As part of my LeetCode 75 series, I’m diving into fundamental algorithmic problems that enhance problem-solving skills. Today, we explore the problem Greatest Common Divisor of Strings (LeetCode 1071) The problem is a great blend of string manipulation and mathematical concepts, particularly the Greatest Common Divisor (GCD).

Problem Statement

Given two strings str1 and str2, the task is to determine the largest string X that divides both str1 and str2. In other words, X should be the largest string that, when repeated, can form both str1 and str2.

Solution Approach

To solve this problem, we leverage two key insights:

  1. If str1 + str2 is not equal to str2 + str1, there is no common divisor string.

  2. The length of the GCD string is determined by the Greatest Common Divisor (GCD) of the lengths of str1 and str2.

Implementation in Go

Below is the Go implementation for solving this problem efficiently:

package leetcode_75
import "fmt"

func GreatestCommonDivisorOfStrings() {
    str1 := "ABAB"
    str2 := "ABABAB"
    fmt.Printf("gcdOfStrings(): %v\n", gcdOfStrings(str1, str2))
}

func gcdOfStrings(str1 string, str2 string) string {
    if str1+str2 != str2+str1 {
        return ""
    }
    gcdLength := gcd(len(str1), len(str2))
    return str1[:gcdLength]
}

func gcd(a, b int) int {
    for b != 0 {
        a, b = b, a%b
    }
    return a
}

Complexity Analysis

  • Time Complexity: O(N + log(min(len(str1), len(str2))))

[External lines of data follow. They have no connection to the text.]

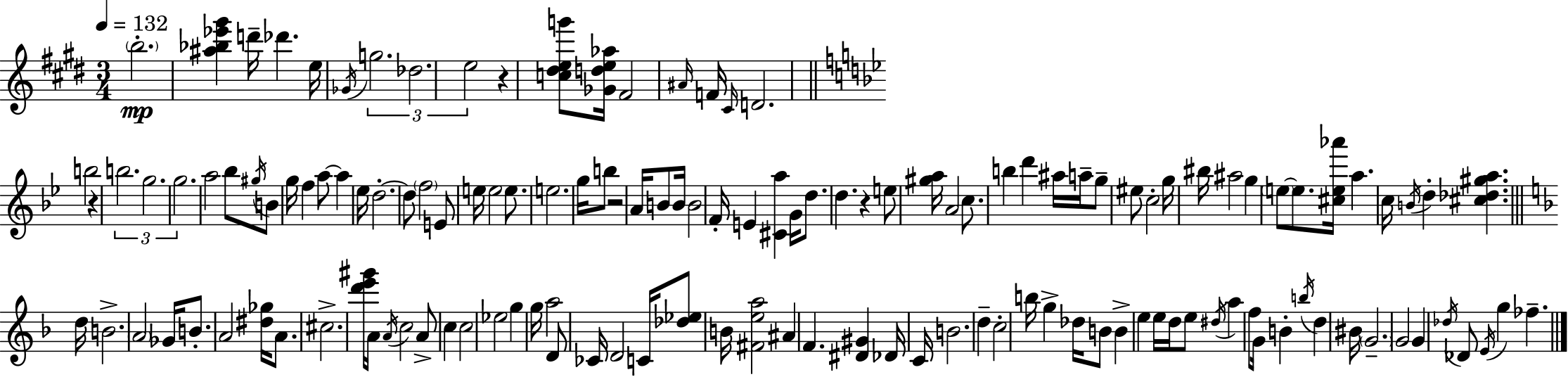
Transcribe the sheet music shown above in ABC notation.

X:1
T:Untitled
M:3/4
L:1/4
K:E
b2 [^a_b_e'^g'] d'/4 _d' e/4 _G/4 g2 _d2 e2 z [c^deg']/2 [_Gde_a]/4 ^F2 ^A/4 F/4 ^C/4 D2 b2 z b2 g2 g2 a2 _b/2 ^g/4 B/2 g/4 f a/2 a _e/4 d2 d/2 f2 E/2 e/4 e2 e/2 e2 g/4 b/2 z2 A/4 B/2 B/4 B2 F/4 E [^Ca] G/4 d/2 d z e/2 [^ga]/4 A2 c/2 b d' ^a/4 a/4 g/2 ^e/2 c2 g/4 ^b/4 ^a2 g e/2 e/2 [^ce_a']/4 a c/4 B/4 d [^c_d^ga] d/4 B2 A2 _G/4 B/2 A2 [^d_g]/4 A/2 ^c2 [d'e'^g']/4 A/4 A/4 c2 A/2 c c2 _e2 g g/4 a2 D/2 _C/4 D2 C/4 [_d_e]/2 B/4 [^Fea]2 ^A F [^D^G] _D/4 C/4 B2 d c2 b/4 g _d/4 B/2 B e e/4 d/4 e/2 ^d/4 a f/2 G/4 B b/4 d ^B/4 G2 G2 G _d/4 _D/2 E/4 g _f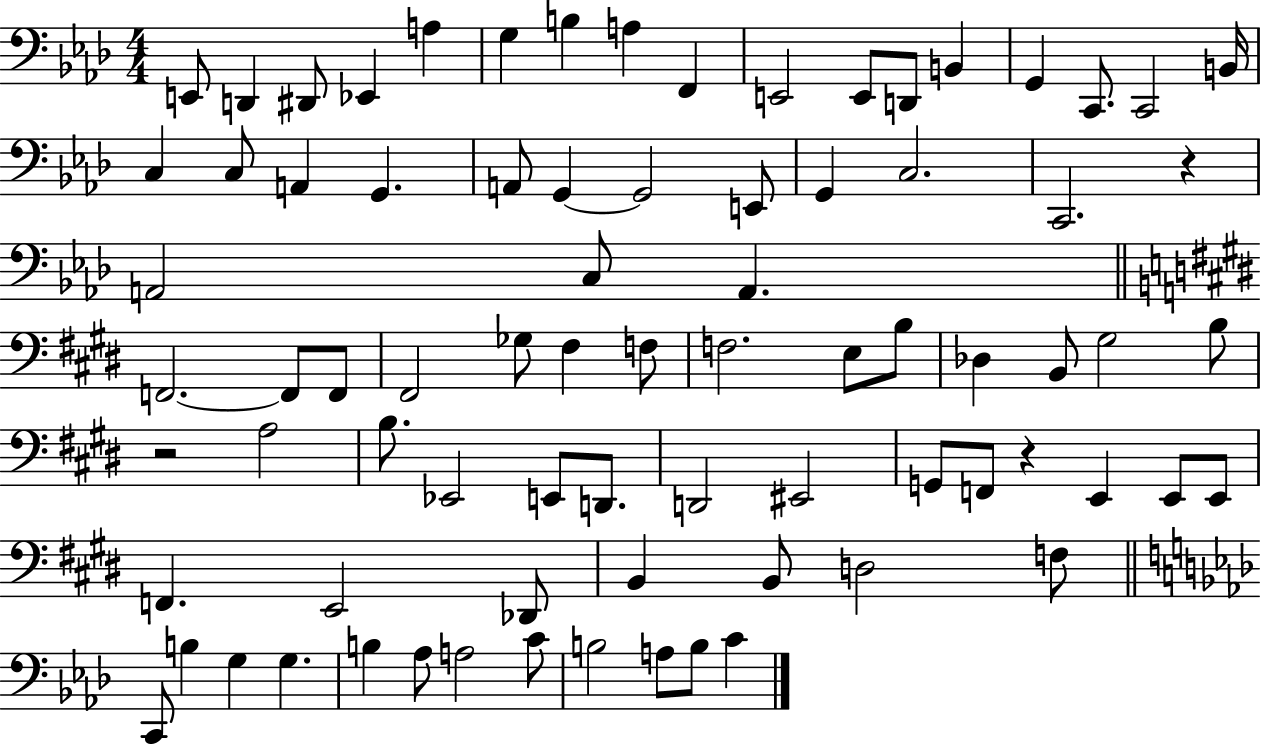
E2/e D2/q D#2/e Eb2/q A3/q G3/q B3/q A3/q F2/q E2/h E2/e D2/e B2/q G2/q C2/e. C2/h B2/s C3/q C3/e A2/q G2/q. A2/e G2/q G2/h E2/e G2/q C3/h. C2/h. R/q A2/h C3/e A2/q. F2/h. F2/e F2/e F#2/h Gb3/e F#3/q F3/e F3/h. E3/e B3/e Db3/q B2/e G#3/h B3/e R/h A3/h B3/e. Eb2/h E2/e D2/e. D2/h EIS2/h G2/e F2/e R/q E2/q E2/e E2/e F2/q. E2/h Db2/e B2/q B2/e D3/h F3/e C2/e B3/q G3/q G3/q. B3/q Ab3/e A3/h C4/e B3/h A3/e B3/e C4/q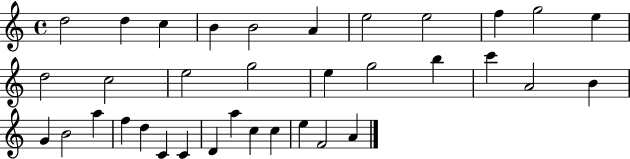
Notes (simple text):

D5/h D5/q C5/q B4/q B4/h A4/q E5/h E5/h F5/q G5/h E5/q D5/h C5/h E5/h G5/h E5/q G5/h B5/q C6/q A4/h B4/q G4/q B4/h A5/q F5/q D5/q C4/q C4/q D4/q A5/q C5/q C5/q E5/q F4/h A4/q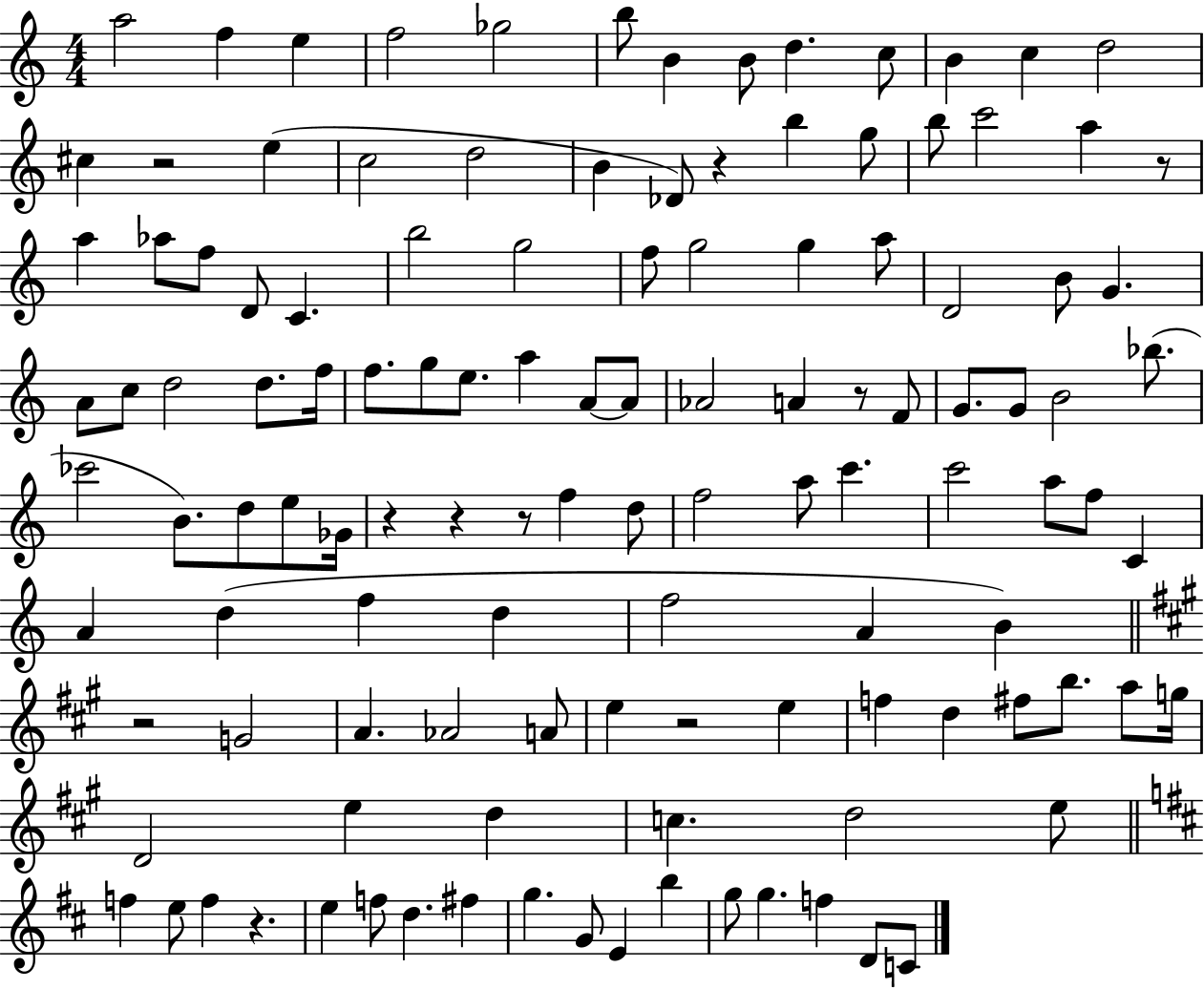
A5/h F5/q E5/q F5/h Gb5/h B5/e B4/q B4/e D5/q. C5/e B4/q C5/q D5/h C#5/q R/h E5/q C5/h D5/h B4/q Db4/e R/q B5/q G5/e B5/e C6/h A5/q R/e A5/q Ab5/e F5/e D4/e C4/q. B5/h G5/h F5/e G5/h G5/q A5/e D4/h B4/e G4/q. A4/e C5/e D5/h D5/e. F5/s F5/e. G5/e E5/e. A5/q A4/e A4/e Ab4/h A4/q R/e F4/e G4/e. G4/e B4/h Bb5/e. CES6/h B4/e. D5/e E5/e Gb4/s R/q R/q R/e F5/q D5/e F5/h A5/e C6/q. C6/h A5/e F5/e C4/q A4/q D5/q F5/q D5/q F5/h A4/q B4/q R/h G4/h A4/q. Ab4/h A4/e E5/q R/h E5/q F5/q D5/q F#5/e B5/e. A5/e G5/s D4/h E5/q D5/q C5/q. D5/h E5/e F5/q E5/e F5/q R/q. E5/q F5/e D5/q. F#5/q G5/q. G4/e E4/q B5/q G5/e G5/q. F5/q D4/e C4/e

  • Space Complexity: O(1), as we use only a few additional variables.

Explanation

  1. Concatenation Check: If str1 + str2 is not equal to str2 + str1, it means the two strings do not share a common pattern, so we return an empty string.

  2. Finding the GCD Length: We compute the GCD of the lengths of str1 and str2.

  3. Extracting the GCD String: The prefix of str1 up to the GCD length is the desired result.

Example Walkthrough

Input:

str1 = "ABAB"
str2 = "ABABAB"

Process:

  • str1 + str2 = "ABABABABABAB"

  • str2 + str1 = "ABABABABABAB" (equal ✅)

  • GCD(len("ABAB"), len("ABABAB")) = 2

  • The first 2 characters of str1 ("AB") is the GCD string.

Output:

"AB"

Conclusion

This problem demonstrates how mathematical concepts like GCD can be applied to string problems, making it a perfect blend of string manipulation and number theory. Stay tuned for more problems in the LeetCode 75 series!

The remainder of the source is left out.